The room was full of different languages, accents, ethnicities - all of us in the service of health, healing and change. I have always found inspiration, motivation and fortitude in community. Be it activists, community organizers, artists, filmmakers - it is the spirit of collaborative efforts to make the world a better place, in whatever form or medium, that lifts me up and helps me to remember the importance of our work. That humans have, for thousands of years, followed our impulses to serve, to create and come together to be change makers. The thinkers, innovators, educators, healers - this is where positive change happens. Those who share knowledge and experience for the sole sake of helping others.
That is what Dr. Samuel Hahnemann, the founder of homeopathy, did almost 300 years ago. He saw a broken system (the system of medicine being practiced at the time) and dedicated his life, not only to creating a better method of healing, but also to sharing that method by educating others.

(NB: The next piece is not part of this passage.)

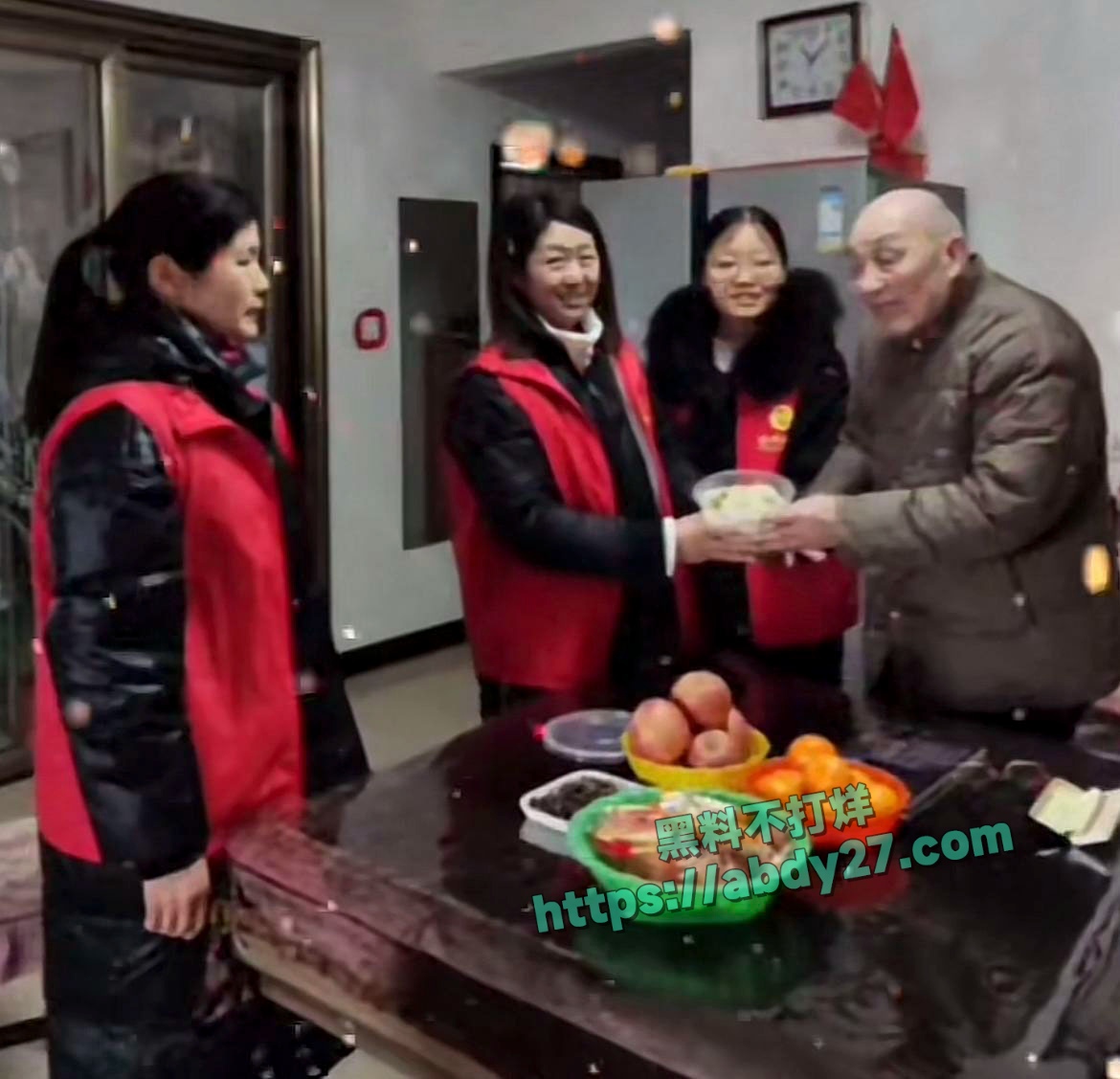 河南刘艳杰偷情有妇之夫 19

And that is what I was doing at the conference that day, the day after the election, the day the world felt profoundly altered. I was learning from the hard work of other practitioners, standing on their shoulders as it were, to refine my skills as a practitioner. We gathered to hear twenty years of clinical results of a method used to target cases in our practice where toxic overload (exposure to pesticides, heavy metals, pharmaceuticals) sits at the heart of the onset of symptoms - a very timely method for our contemporary times. The overwhelming feeling amongst the practitioners was that we must keep working, keep helping others, keep moving forward, there is no time to waste, we have a lot of work to do.
Homeopathic medicine is a very evolved, and constantly evolving form of medicine. But that is the topic for another time. Today it feels right to simply open the door and share the light of this amazing science that is homeopathic medicine. Homeopathy is so multi-layered and multi-purposed, that it can be used as a system of medicine in the home, giving the lay-prescriber access to an amazing array of tools to heal loved ones - and, it can be used by skilled practitioners to bring about deeper healing in chronically ill people.
In the spirit of mending the world within our reach, I start at the beginning…
What is homeopathy?
According to the World Health Organization, homeopathy is the most widely practiced form of alternative medicine in the world. It is a form of natural medicine which stimulates the body’s immune system to overcome illness on its own. Using the Law of Similars, which was discovered by Hippocrates, the father of modern medicine, long before homeopathy was developed, it uses an infinitesimal dose of a natural substance to match a similar symptom pattern being expressed in a human or animal. Modern science is catching up with homeopathy, and we are understanding more and more about how the mechanism works - it is beginning to be classified as a nanomedicine.
Homeopathy is commonly found in stores, pharmacies and doctor’s offices all over Europe, Australia, India, Canada and Latin America. Why it is not as well known in the United States is the topic for another blog - but, I will say, it is a story of court cases and intrigue!
Every action we take, be it the medicine we choose, the community we make, the work we embrace, is a choice to move towards mending our world.
So let's go - we have a lot of work to do.